ASSIGNED TASK: Within the data below, copy each line where the string "High" is found.

*** Opening of DATA FOR ANALYSIS ***

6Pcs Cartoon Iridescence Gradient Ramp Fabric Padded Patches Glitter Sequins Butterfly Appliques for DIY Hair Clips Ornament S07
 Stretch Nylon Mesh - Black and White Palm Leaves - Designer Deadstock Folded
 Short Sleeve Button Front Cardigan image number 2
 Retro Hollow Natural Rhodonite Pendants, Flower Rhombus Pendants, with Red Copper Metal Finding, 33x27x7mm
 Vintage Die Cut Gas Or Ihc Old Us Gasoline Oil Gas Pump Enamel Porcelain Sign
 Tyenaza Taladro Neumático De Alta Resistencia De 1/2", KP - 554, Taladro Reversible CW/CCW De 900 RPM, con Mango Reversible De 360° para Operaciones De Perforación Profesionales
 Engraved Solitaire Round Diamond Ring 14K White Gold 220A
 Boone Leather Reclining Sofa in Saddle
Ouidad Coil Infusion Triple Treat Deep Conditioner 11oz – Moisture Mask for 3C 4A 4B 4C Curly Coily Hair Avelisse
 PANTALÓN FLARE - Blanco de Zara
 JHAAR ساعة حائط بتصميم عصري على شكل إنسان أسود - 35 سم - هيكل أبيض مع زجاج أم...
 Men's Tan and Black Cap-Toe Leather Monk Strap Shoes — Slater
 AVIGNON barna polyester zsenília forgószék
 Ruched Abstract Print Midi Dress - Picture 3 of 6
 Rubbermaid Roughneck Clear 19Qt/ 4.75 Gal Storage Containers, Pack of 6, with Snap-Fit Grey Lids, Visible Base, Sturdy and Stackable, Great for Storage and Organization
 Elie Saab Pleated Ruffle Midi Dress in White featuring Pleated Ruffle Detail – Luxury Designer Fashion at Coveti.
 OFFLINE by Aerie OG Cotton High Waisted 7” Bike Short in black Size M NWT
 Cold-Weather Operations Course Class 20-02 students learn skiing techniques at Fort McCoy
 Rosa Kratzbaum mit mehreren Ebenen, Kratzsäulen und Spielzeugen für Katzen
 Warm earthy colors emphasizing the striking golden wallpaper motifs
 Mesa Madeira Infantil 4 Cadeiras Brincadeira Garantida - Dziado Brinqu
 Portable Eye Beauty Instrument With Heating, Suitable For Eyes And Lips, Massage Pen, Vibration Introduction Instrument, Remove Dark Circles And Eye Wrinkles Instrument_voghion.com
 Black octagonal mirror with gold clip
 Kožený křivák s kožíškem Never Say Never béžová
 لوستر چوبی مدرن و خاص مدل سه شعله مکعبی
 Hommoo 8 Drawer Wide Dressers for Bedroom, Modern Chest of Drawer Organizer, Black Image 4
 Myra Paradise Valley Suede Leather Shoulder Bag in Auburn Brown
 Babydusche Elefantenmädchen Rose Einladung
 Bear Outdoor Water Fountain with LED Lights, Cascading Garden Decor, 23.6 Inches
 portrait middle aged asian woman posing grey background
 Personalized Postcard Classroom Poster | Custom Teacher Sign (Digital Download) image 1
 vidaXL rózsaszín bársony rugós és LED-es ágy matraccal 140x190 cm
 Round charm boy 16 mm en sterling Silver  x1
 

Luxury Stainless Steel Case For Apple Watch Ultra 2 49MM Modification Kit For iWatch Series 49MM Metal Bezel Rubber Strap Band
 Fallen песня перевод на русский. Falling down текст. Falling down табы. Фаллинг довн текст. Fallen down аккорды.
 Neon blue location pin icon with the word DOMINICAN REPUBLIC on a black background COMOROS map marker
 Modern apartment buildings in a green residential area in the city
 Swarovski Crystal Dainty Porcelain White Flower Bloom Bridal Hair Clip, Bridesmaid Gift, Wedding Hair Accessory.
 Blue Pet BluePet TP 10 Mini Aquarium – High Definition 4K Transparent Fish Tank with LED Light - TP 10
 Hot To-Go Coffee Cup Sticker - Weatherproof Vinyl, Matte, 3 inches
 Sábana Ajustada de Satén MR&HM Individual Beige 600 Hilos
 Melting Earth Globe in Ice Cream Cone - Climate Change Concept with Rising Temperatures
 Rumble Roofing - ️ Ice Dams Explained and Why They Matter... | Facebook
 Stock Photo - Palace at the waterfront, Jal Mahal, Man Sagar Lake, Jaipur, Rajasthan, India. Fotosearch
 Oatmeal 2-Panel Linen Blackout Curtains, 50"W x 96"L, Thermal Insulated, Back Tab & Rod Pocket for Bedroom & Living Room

*** Close of DATA FOR ANALYSIS ***

OUTPUT FOR THIS EXERCISE:
 OFFLINE by Aerie OG Cotton High Waisted 7” Bike Short in black Size M NWT
 Blue Pet BluePet TP 10 Mini Aquarium – High Definition 4K Transparent Fish Tank with LED Light - TP 10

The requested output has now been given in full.